Return exactly the lines of the entries that start at the line containing "Infineon IPI60R199CPXKSA2 MOSFETs ハイパワー_レガシー" and continue to the last line. Omit the pictures.

·····

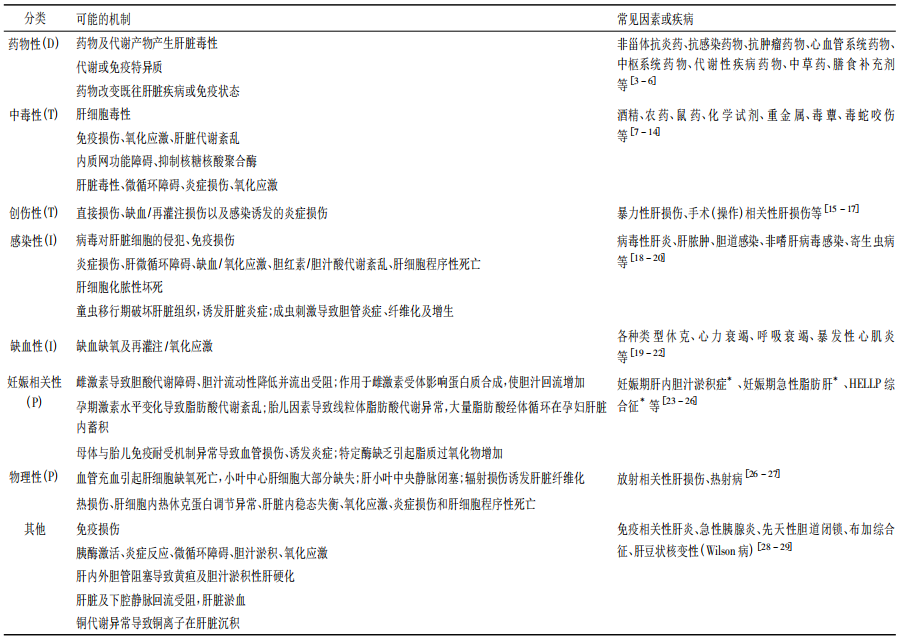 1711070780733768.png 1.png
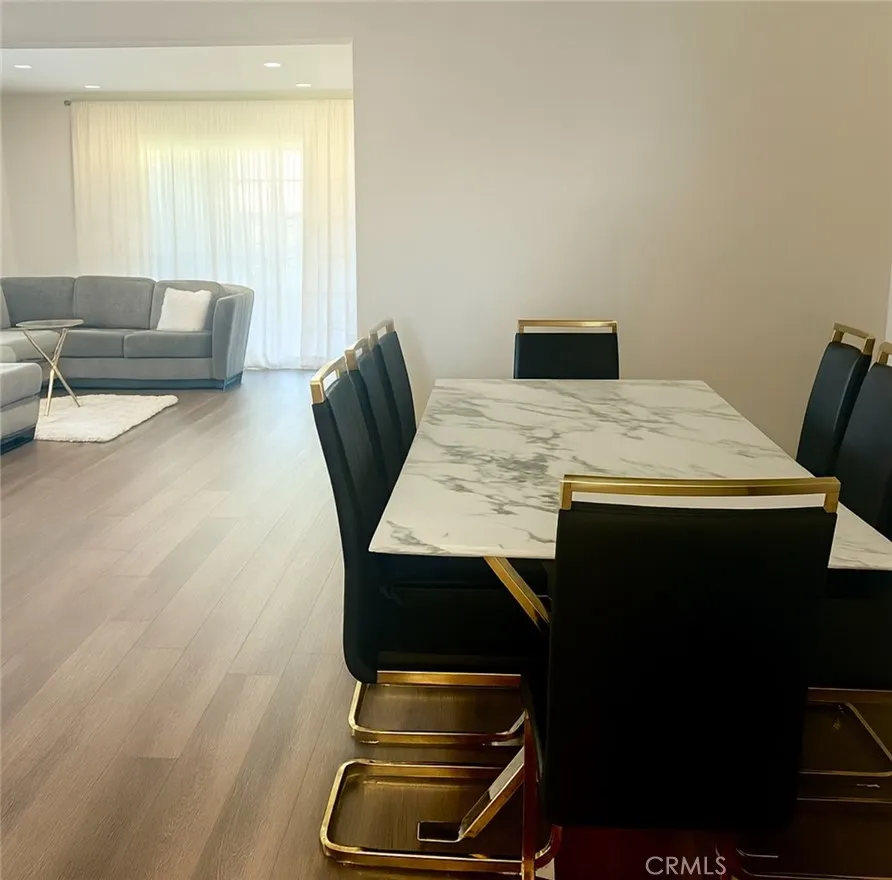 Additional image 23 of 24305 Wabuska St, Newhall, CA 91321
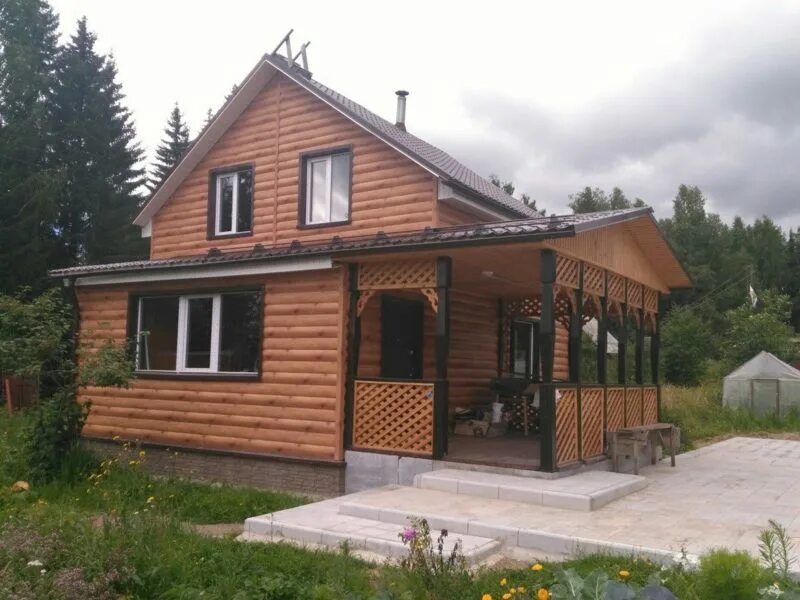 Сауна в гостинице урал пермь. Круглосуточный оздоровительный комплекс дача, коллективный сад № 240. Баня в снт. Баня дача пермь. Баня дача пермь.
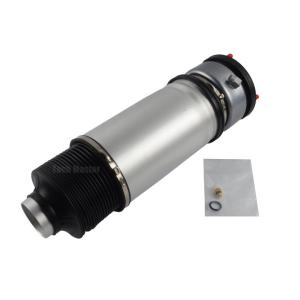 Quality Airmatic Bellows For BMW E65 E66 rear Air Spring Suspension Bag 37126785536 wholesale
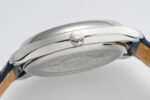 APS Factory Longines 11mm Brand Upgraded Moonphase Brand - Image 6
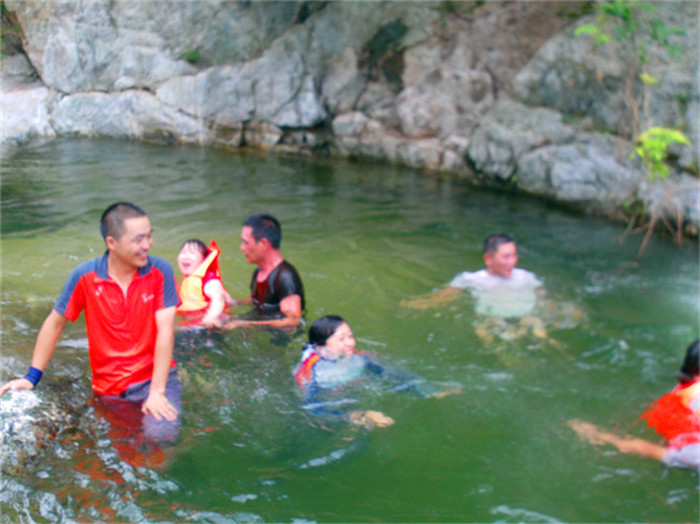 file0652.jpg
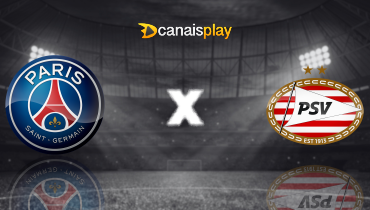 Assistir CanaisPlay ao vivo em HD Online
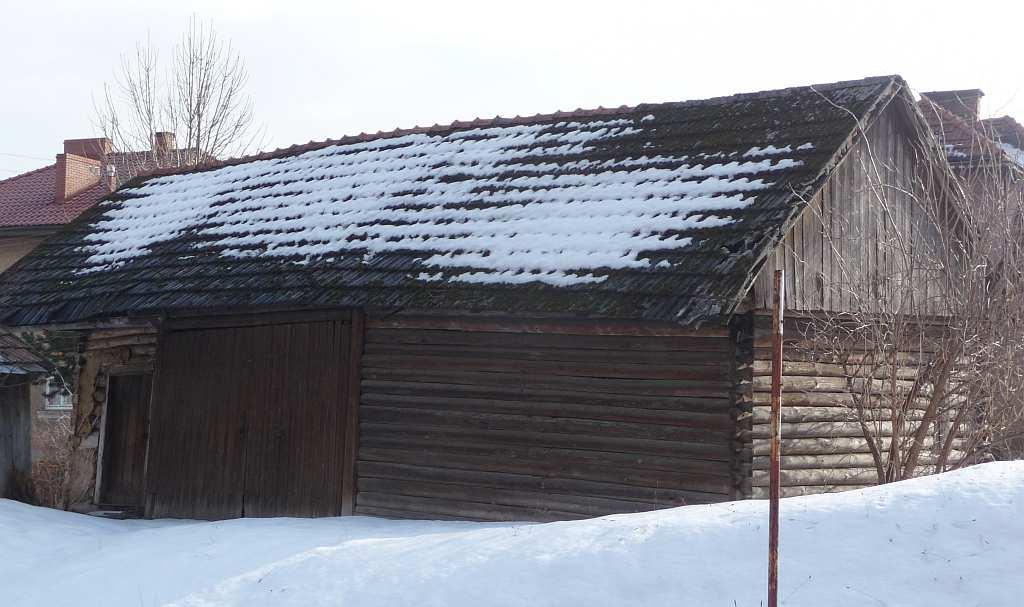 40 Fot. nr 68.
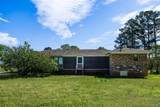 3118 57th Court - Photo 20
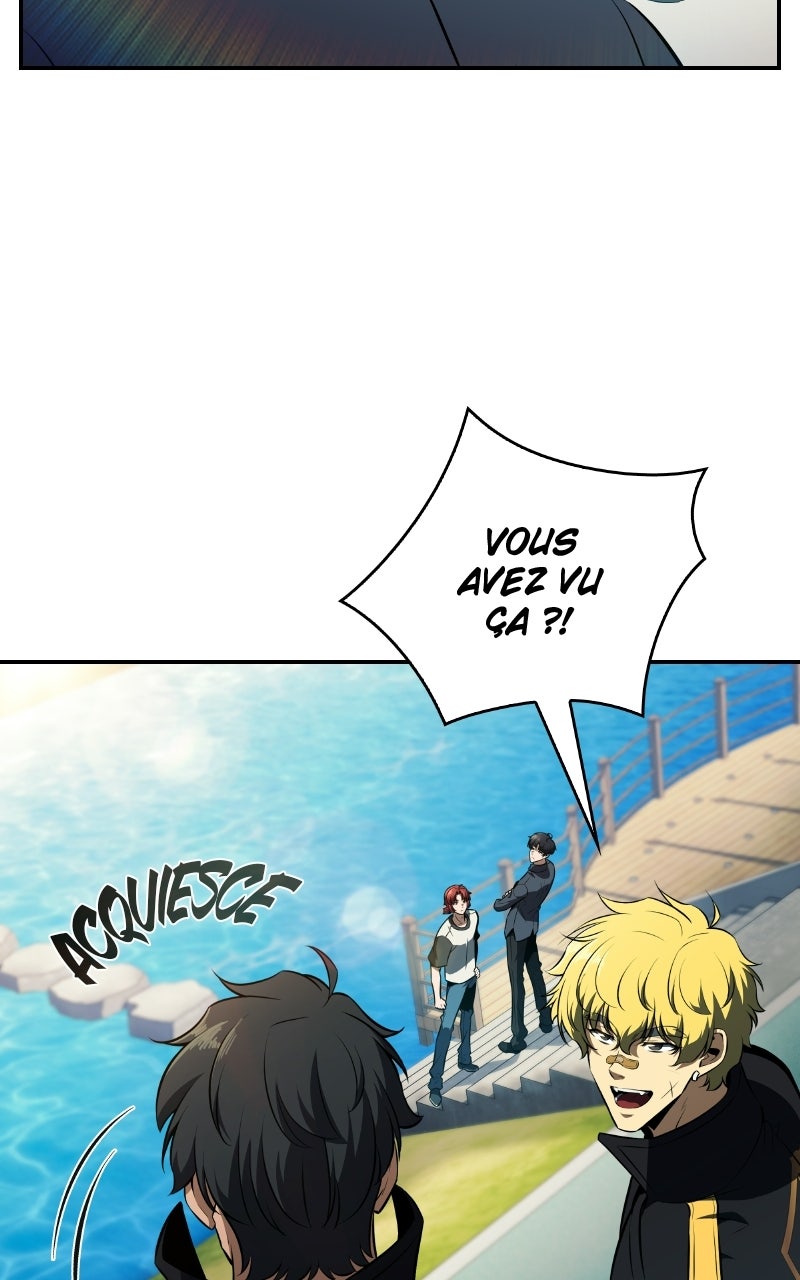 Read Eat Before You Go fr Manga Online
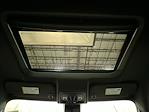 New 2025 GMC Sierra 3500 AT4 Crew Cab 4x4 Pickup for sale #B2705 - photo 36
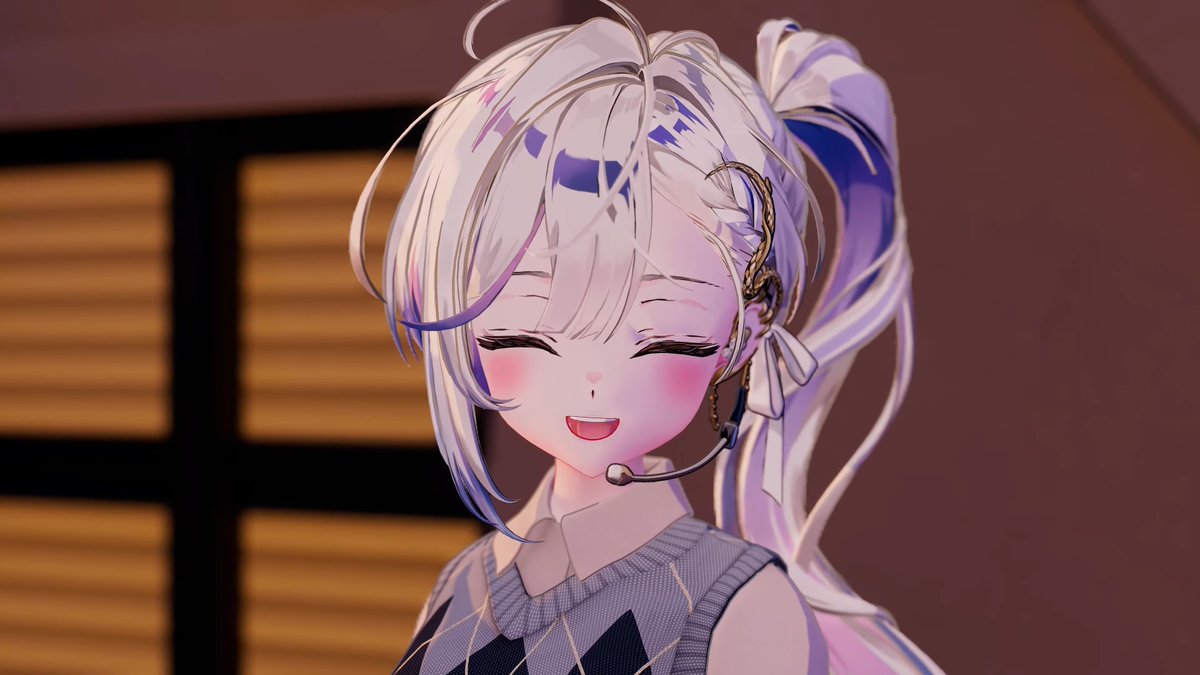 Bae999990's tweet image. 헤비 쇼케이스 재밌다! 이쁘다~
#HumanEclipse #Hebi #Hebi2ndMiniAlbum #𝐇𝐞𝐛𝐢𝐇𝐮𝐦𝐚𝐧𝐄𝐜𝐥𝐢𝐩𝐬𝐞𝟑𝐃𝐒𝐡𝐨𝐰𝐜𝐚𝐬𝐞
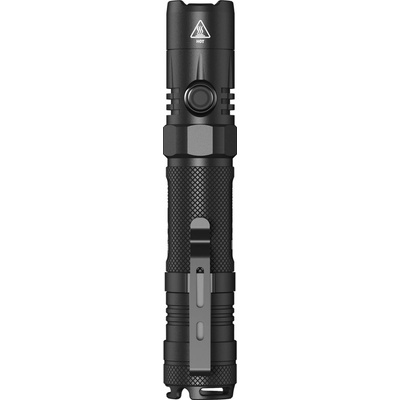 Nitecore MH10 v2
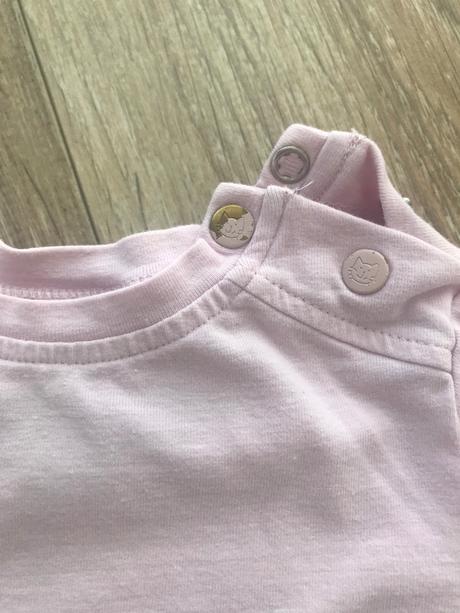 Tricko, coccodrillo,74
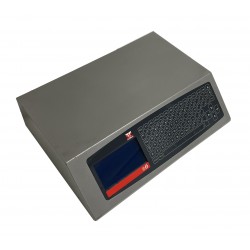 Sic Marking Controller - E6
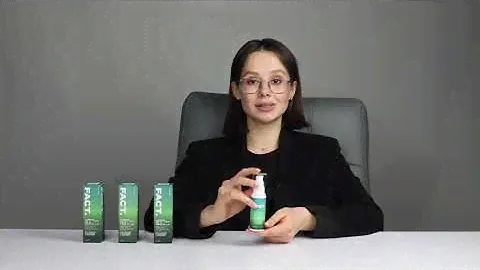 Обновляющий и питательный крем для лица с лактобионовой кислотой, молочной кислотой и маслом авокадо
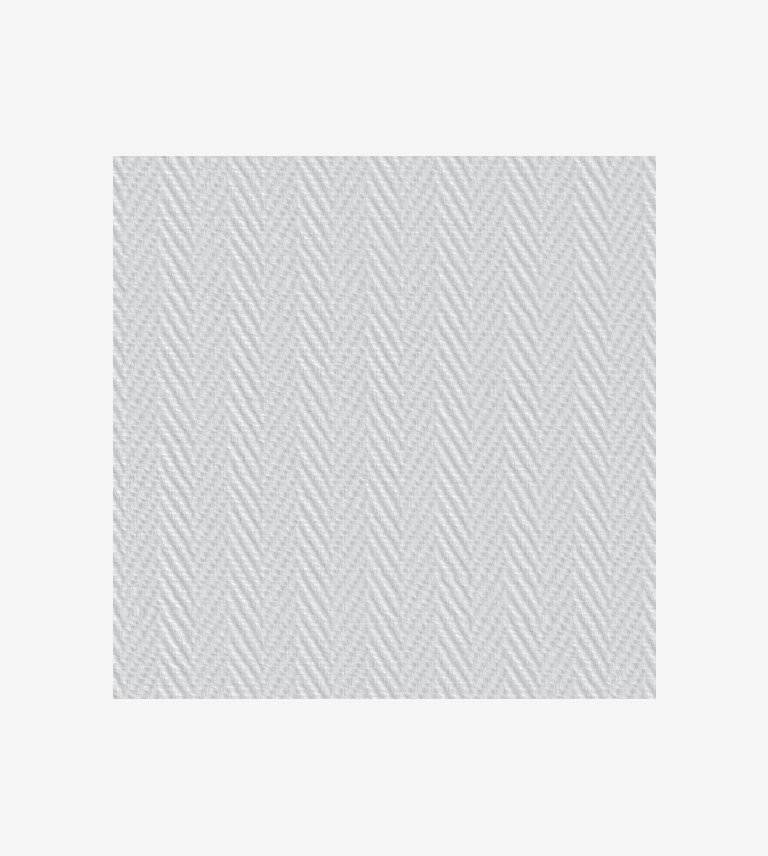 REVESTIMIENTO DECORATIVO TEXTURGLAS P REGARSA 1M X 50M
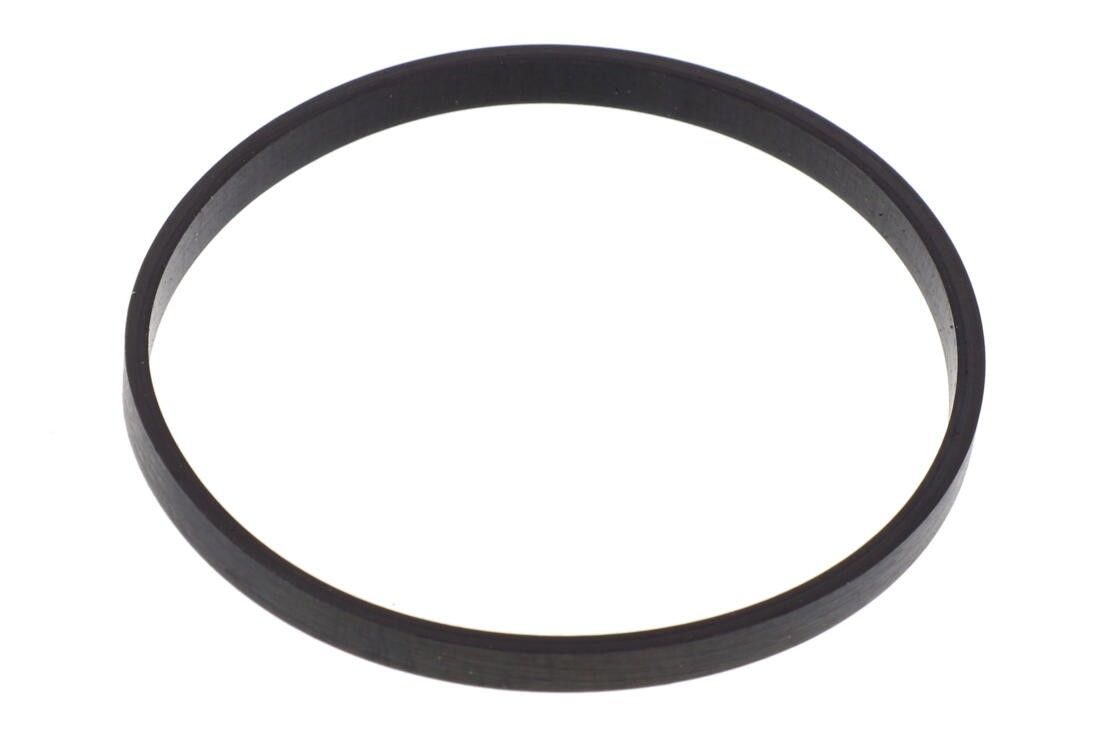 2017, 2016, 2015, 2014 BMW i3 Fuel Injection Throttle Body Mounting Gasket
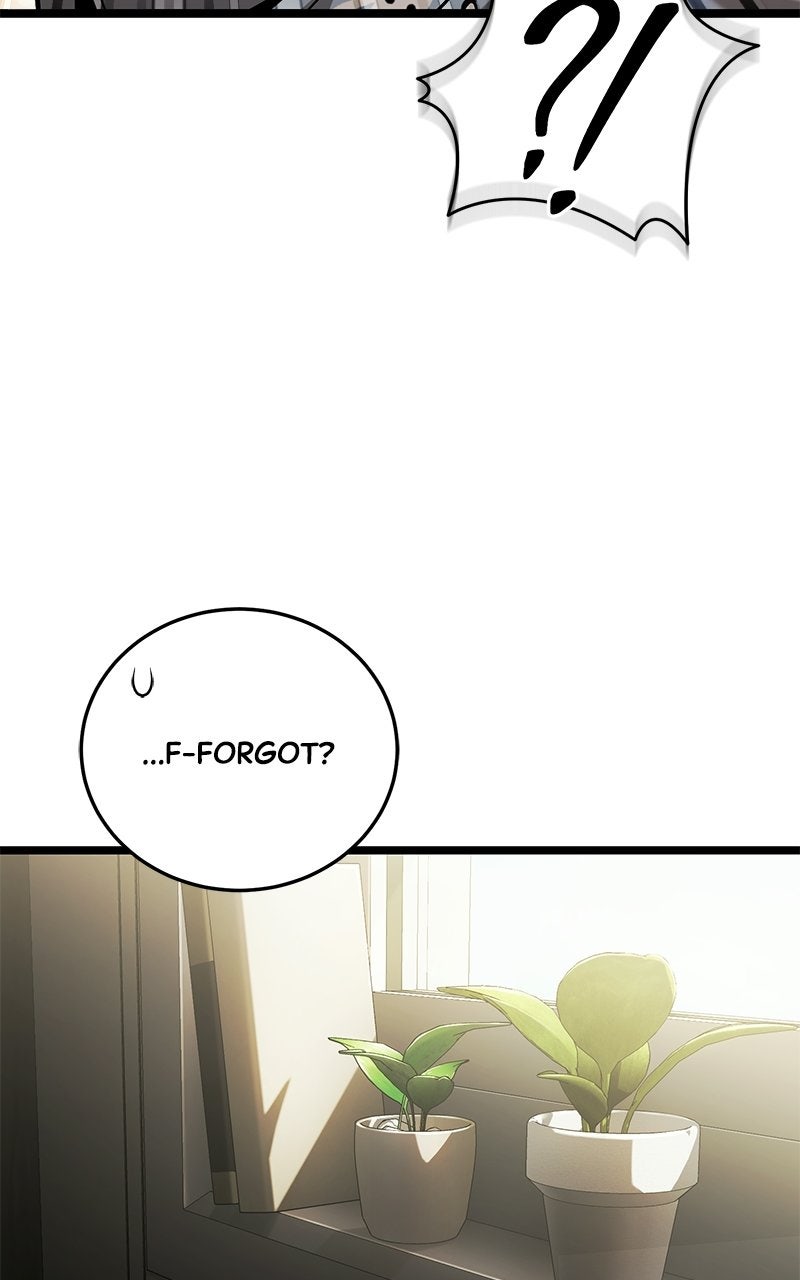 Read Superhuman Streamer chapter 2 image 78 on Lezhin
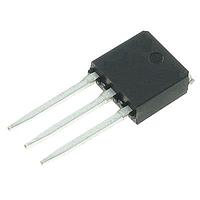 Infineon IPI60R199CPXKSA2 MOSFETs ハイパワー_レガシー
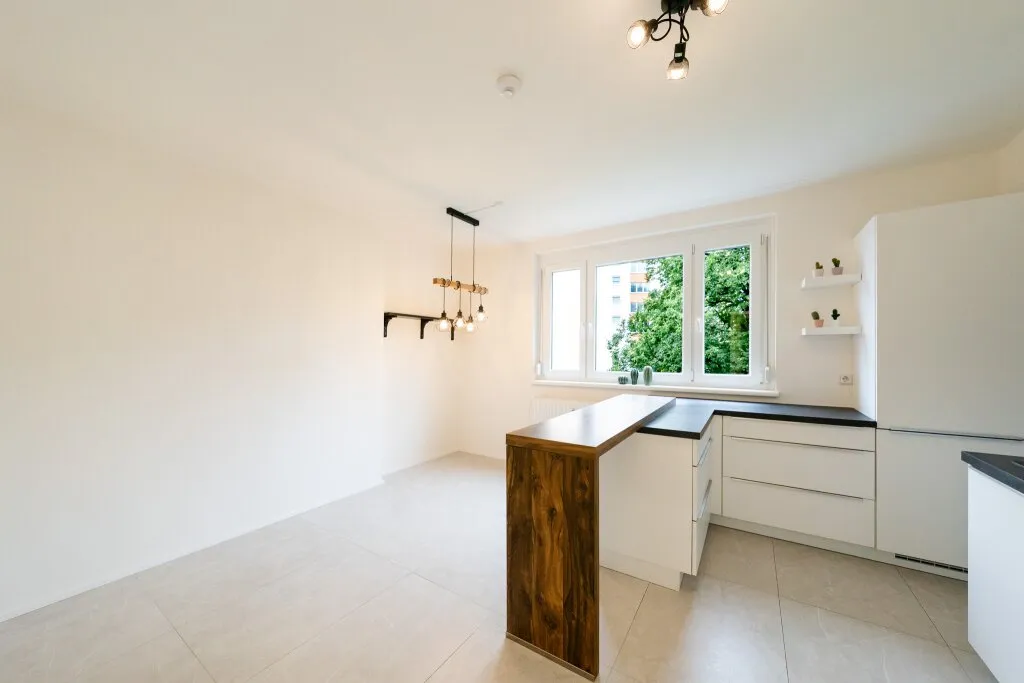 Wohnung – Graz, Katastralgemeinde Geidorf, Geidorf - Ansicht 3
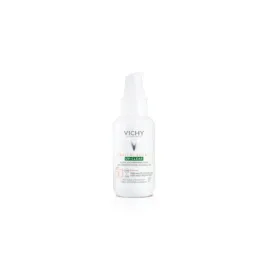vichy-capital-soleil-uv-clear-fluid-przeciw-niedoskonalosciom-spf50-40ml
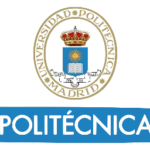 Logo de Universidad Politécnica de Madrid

·····

Response to this exercise:
 Infineon IPI60R199CPXKSA2 MOSFETs ハイパワー_レガシー
 Wohnung – Graz, Katastralgemeinde Geidorf, Geidorf - Ansicht 3
vichy-capital-soleil-uv-clear-fluid-przeciw-niedoskonalosciom-spf50-40ml
 Logo de Universidad Politécnica de Madrid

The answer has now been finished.